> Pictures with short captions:
━━━━━━
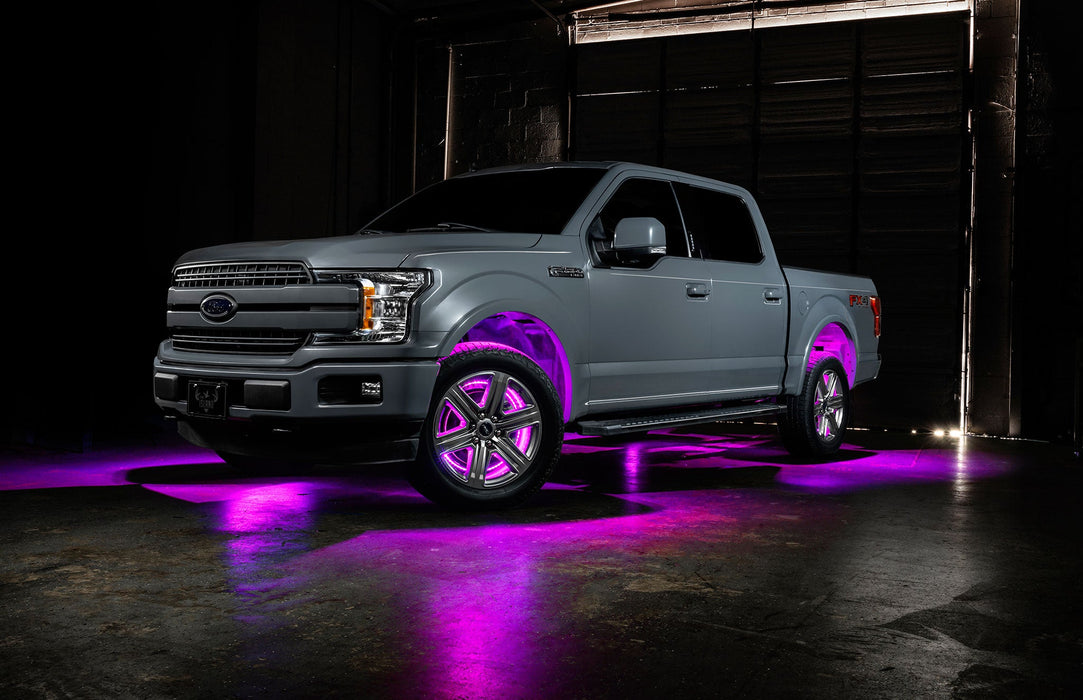 Grey Ford F-150 with pink wheel rings and rock lights.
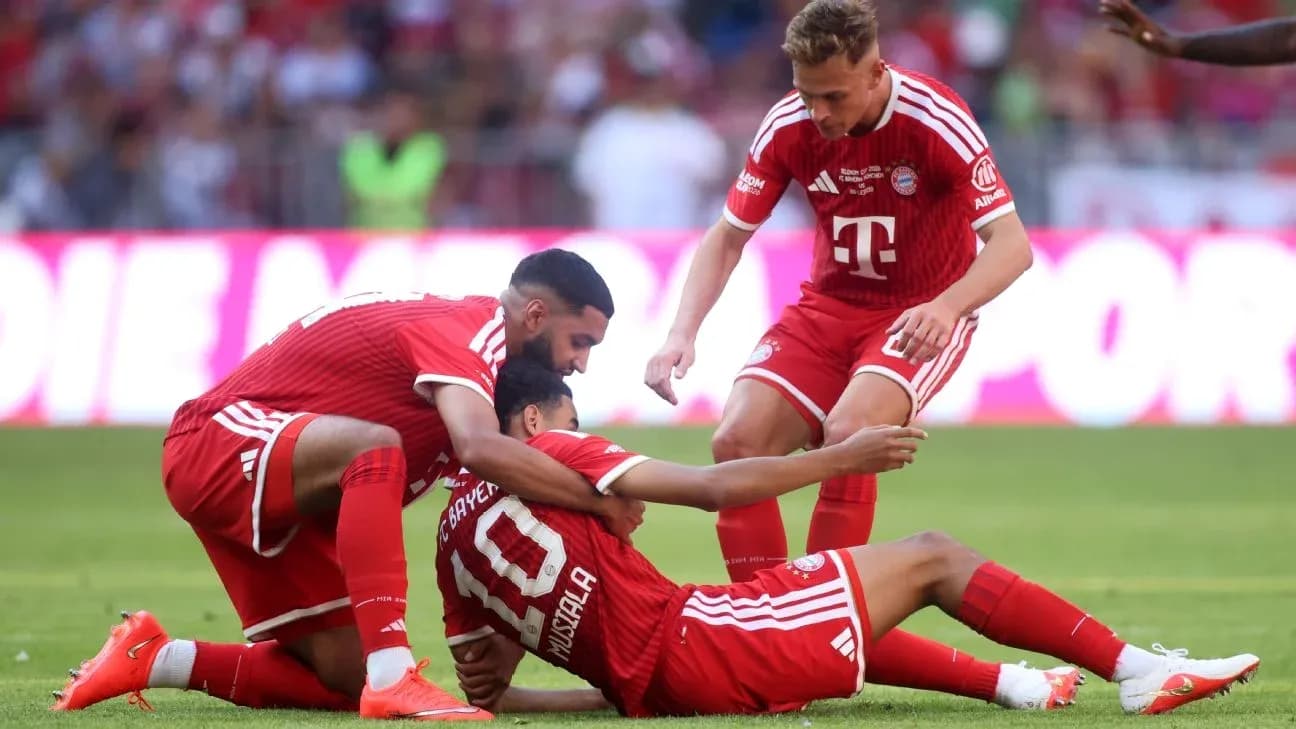 Bayern Munich players assisting teammate on field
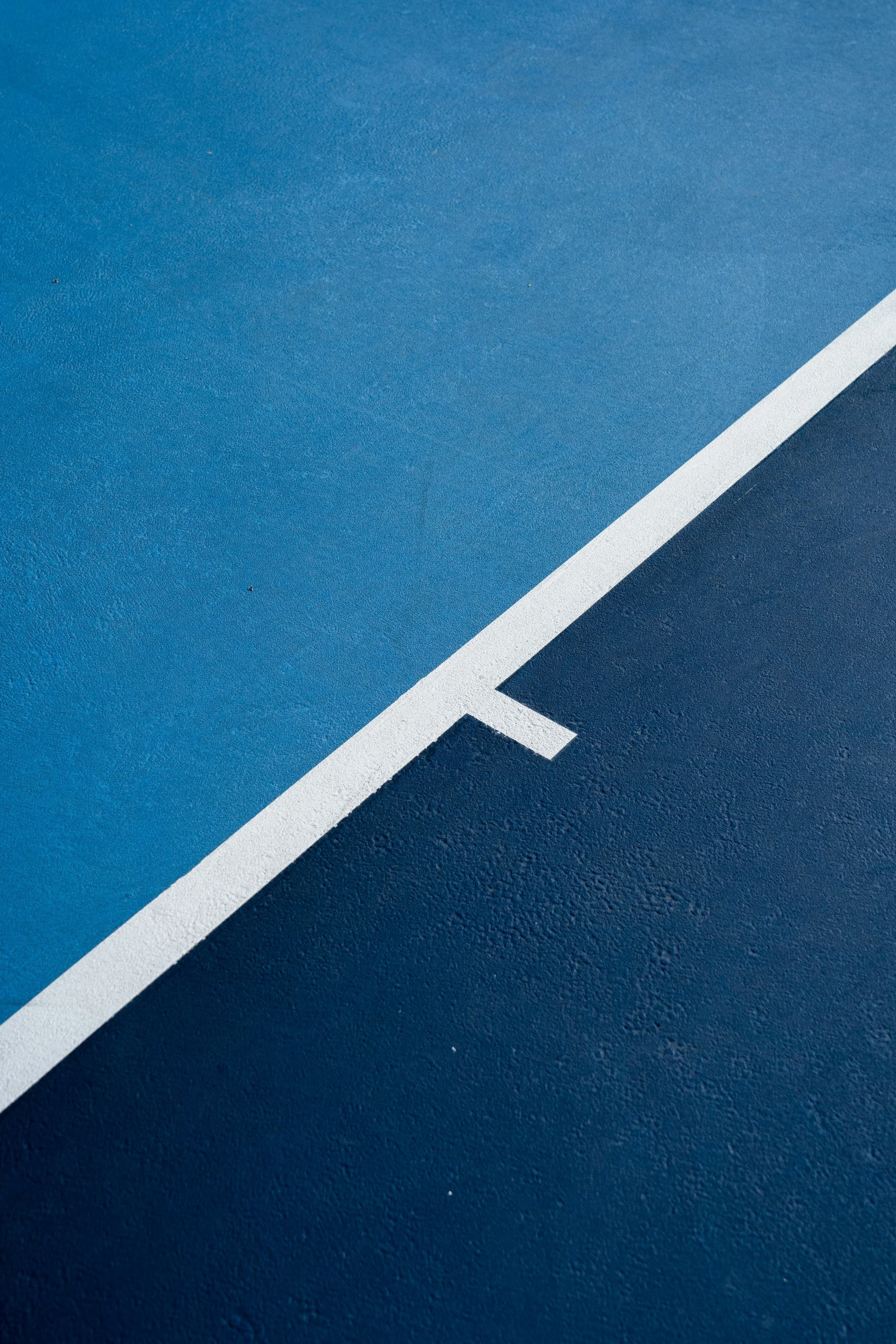 Close-up of a blue tennis court with a white boundary line.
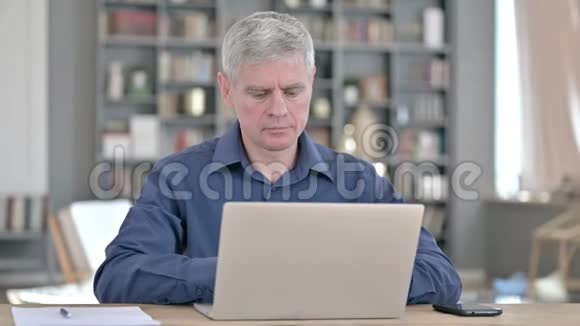疲惫的中年男子在笔记本电脑上工作时背痛视频的预览图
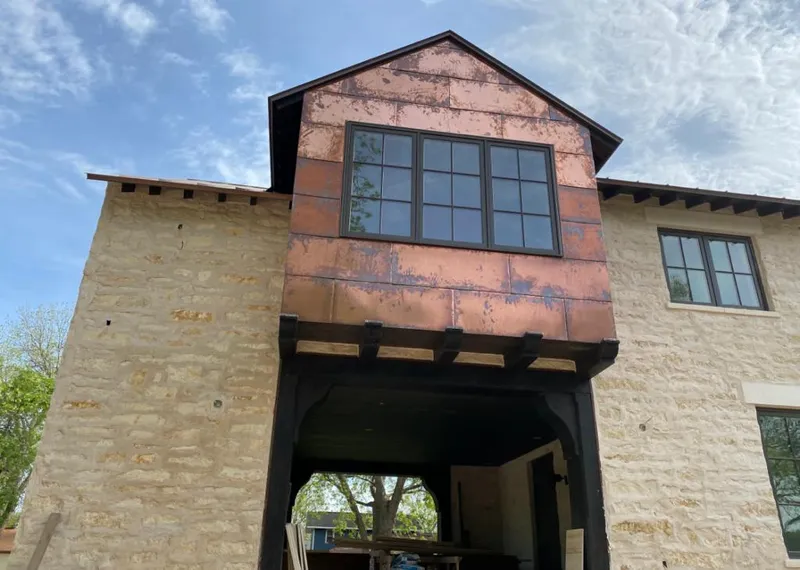 Copper metal panel facade on a stone building for Skylight Installation in Fletcher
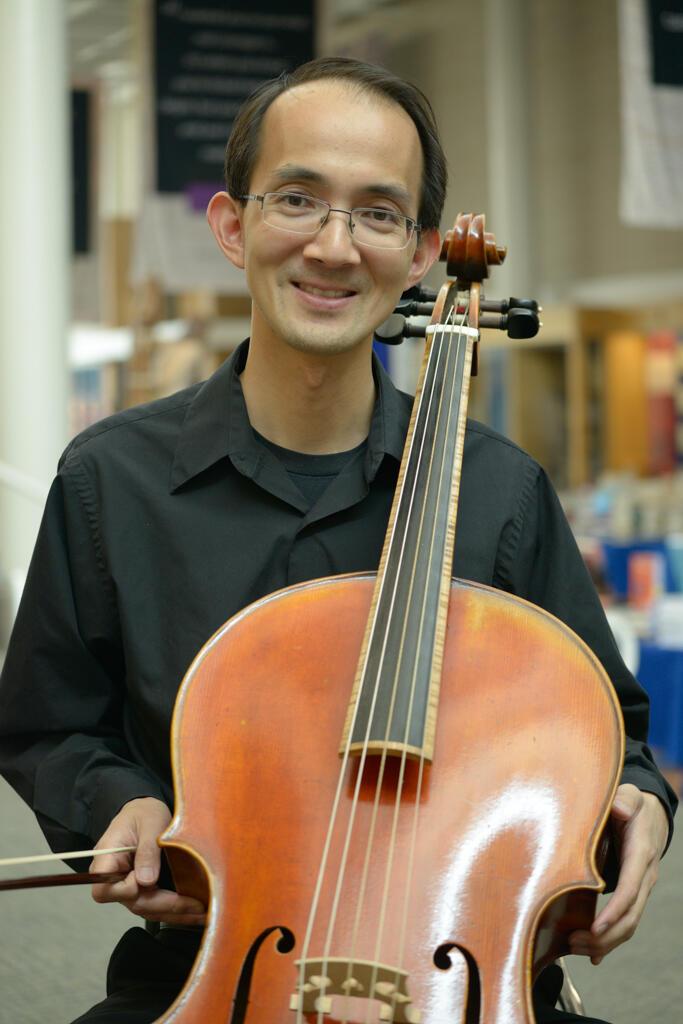 A man posing with a cello.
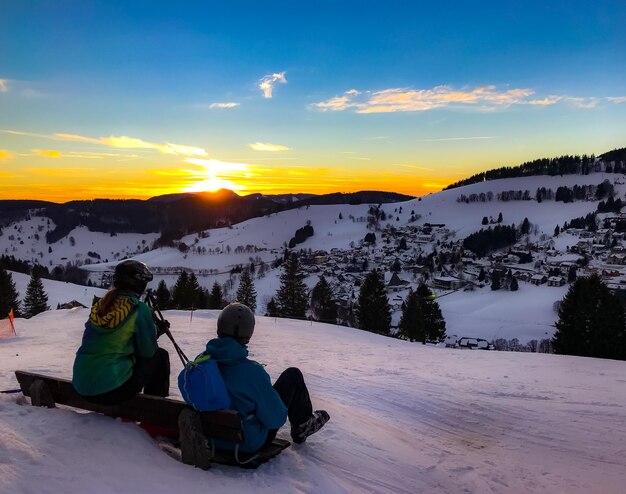 People on snow covered mountain against sky during sunset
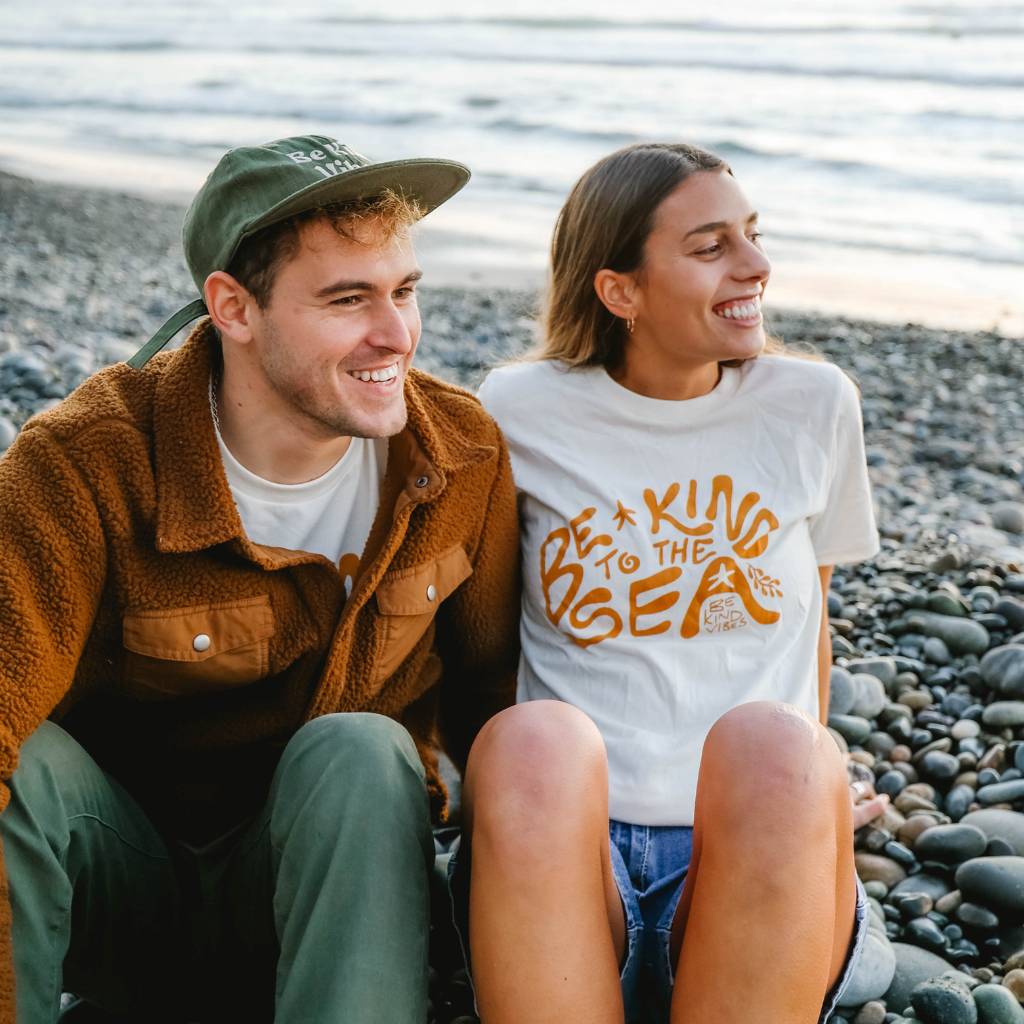 Image features two close friends sitting on the sand at the beach looking out at the horizon with a big smile on their faces. The male is wearing a Be Kind Vibes Hemp Hat in cactus with a rust colored jacket and green pants. The female is wearing the Be Kind Vibes 100% organic cotton Be Kind to the Sea t-shirt in natural with jean shorts. They're just having a ball.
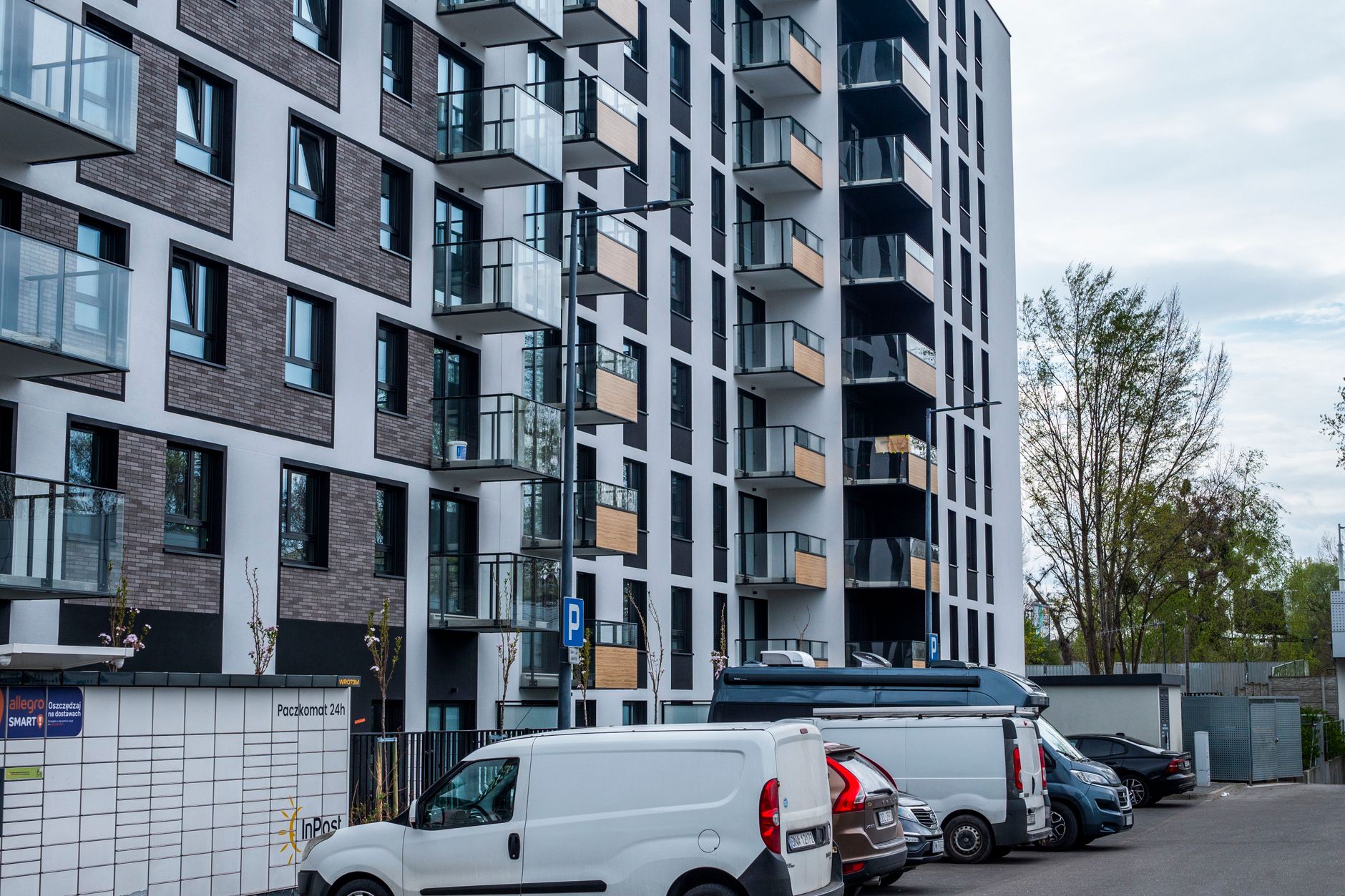 Social housing block with pest control van outside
━━━━━━
> EXERCISE PROMPT: Your copy should hold only the lines above from the one containing "Bayern Munich players" through the one containing "People on snow", exactly as written and free of pictures.

> RESPONSE BELOW:
 Bayern Munich players assisting teammate on field
 Close-up of a blue tennis court with a white boundary line.
疲惫的中年男子在笔记本电脑上工作时背痛视频的预览图
 Copper metal panel facade on a stone building for Skylight Installation in Fletcher
 A man posing with a cello.
 People on snow covered mountain against sky during sunset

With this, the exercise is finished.